Je franchis le seuil d'une minuscule pièce qui comportait seulement une chaise en face un bureau en bois. Une petite dame habillée d'une veste en jean au chignon parfaitement coiffé qui s'accordait avec ses lunettes m'accueillait. Elle avait un petit côté sévère mais sa voix contredisait cet aspect-là. Elle me fit un signe comme quoi je devais m'asseoir sur la chaise en face d'elle et je m'exécutais aussitôt.

- Je suppose que tu ne me parleras pas.

En guise de réponse, aucun son ne sortit de ma bouche.

- Bien. Dessine donc sur cette feuille ce qui te fait du mal et ce que te rend triste, m'ordonna-t-elle en me donnant une feuille et une boite de feutres.

Après cinq interminables minutes de réflexion, je commençais à dessiner la voiture rouge de papa, puis ma maman par terre avec du sang, ce qui s'ensuivit d'une flèche et je terminais ma sinistre œuvre d'art par une croix et d'une fleur devant en guise de tombe. J'espérais juste qu'elle comprenne. Je voulais de l'aide. A tout prix. Je lui tendis enfin mon tableau signé Picasso et je subodorais, en observant minutieusement ses traits d'expression sur son visage, que le message était bel et bien passé. Elle rompit le lourd silence qui régnait dans la pièce et déclara :

- Il faut être forte dans les mauvais moments de la vie. Ta maman serait très fière de toi si tu continues à te battre seule contre les mauvaises impasses. Cela voudra dire que tu es forte.
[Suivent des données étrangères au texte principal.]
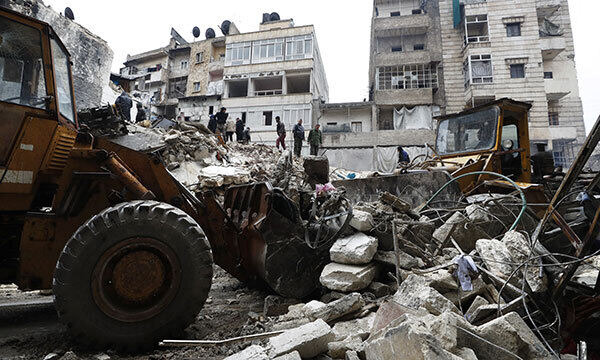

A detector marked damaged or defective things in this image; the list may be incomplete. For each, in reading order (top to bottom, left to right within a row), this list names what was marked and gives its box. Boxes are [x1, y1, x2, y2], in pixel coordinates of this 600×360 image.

damaged apartment building [324, 0, 584, 172]
broken concrete block [350, 210, 372, 232]
broken concrete block [322, 262, 378, 292]
broken concrete block [330, 233, 378, 264]
broken concrete block [372, 250, 424, 270]
broken concrete block [476, 240, 512, 280]
broken concrete block [502, 231, 548, 292]
broken concrete block [264, 296, 300, 316]
broken concrete block [308, 292, 364, 324]
broken concrete block [394, 276, 460, 316]
broken concrete block [464, 296, 488, 324]
broken concrete block [224, 344, 268, 360]
broken concrete block [268, 320, 336, 358]
broken concrete block [326, 336, 364, 358]
broken concrete block [332, 312, 376, 340]
broken concrete block [364, 312, 462, 360]
broken concrete block [468, 310, 552, 358]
Les séances s'enchaînèrent. J'arrivais à parler à peine. C'était déjà un début. Mais après de nombreux jours à méditer sur les paroles et les conseils du psy, je me dis qu'en rester là ne servirait à rien. Plus exactement, c'était ma mamie qui me l'avait dit. Espérons que papa avance dans la même optique, pour qu'il lâche sa nouvelle maîtresse qui le rend ivre d'elle à forte dose, c'est-à-dire l'alcool. 

Il faut franchir les mauvaises impasses. La vie est constituée d'obstacles ; il faut savoir et apprendre à les franchir. Un chapitre de plus est un progrès sur le long chemin qui s'appelle la vie. Tout n'est pas tout rose ; il faut être forte, savoir encaisser et avancer. Si tu tombes, tu apprendras à te relever. Si tu ne tombes pas, tu ne sauras pas comment te relever. Si tu fais des erreurs, tu t'en serviras de leçon. Bienvenue sur Terre.